Crawled caption data:
****************************************
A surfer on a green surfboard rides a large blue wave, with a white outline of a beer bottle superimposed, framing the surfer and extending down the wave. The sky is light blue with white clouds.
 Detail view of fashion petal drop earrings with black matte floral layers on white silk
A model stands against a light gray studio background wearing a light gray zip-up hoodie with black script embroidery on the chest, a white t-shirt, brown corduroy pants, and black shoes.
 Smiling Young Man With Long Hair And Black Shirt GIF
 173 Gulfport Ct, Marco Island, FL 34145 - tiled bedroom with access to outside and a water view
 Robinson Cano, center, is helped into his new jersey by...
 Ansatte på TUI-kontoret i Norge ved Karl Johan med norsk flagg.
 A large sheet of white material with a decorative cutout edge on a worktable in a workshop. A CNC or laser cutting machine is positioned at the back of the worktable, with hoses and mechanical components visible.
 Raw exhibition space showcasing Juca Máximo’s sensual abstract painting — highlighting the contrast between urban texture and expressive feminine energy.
****************************************
WORK INSTRUCTION: Print each of the lines above again, unchanged.

EXERCISE SOLUTION:
A surfer on a green surfboard rides a large blue wave, with a white outline of a beer bottle superimposed, framing the surfer and extending down the wave. The sky is light blue with white clouds.
 Detail view of fashion petal drop earrings with black matte floral layers on white silk
A model stands against a light gray studio background wearing a light gray zip-up hoodie with black script embroidery on the chest, a white t-shirt, brown corduroy pants, and black shoes.
 Smiling Young Man With Long Hair And Black Shirt GIF
 173 Gulfport Ct, Marco Island, FL 34145 - tiled bedroom with access to outside and a water view
 Robinson Cano, center, is helped into his new jersey by...
 Ansatte på TUI-kontoret i Norge ved Karl Johan med norsk flagg.
 A large sheet of white material with a decorative cutout edge on a worktable in a workshop. A CNC or laser cutting machine is positioned at the back of the worktable, with hoses and mechanical components visible.
 Raw exhibition space showcasing Juca Máximo’s sensual abstract painting — highlighting the contrast between urban texture and expressive feminine energy.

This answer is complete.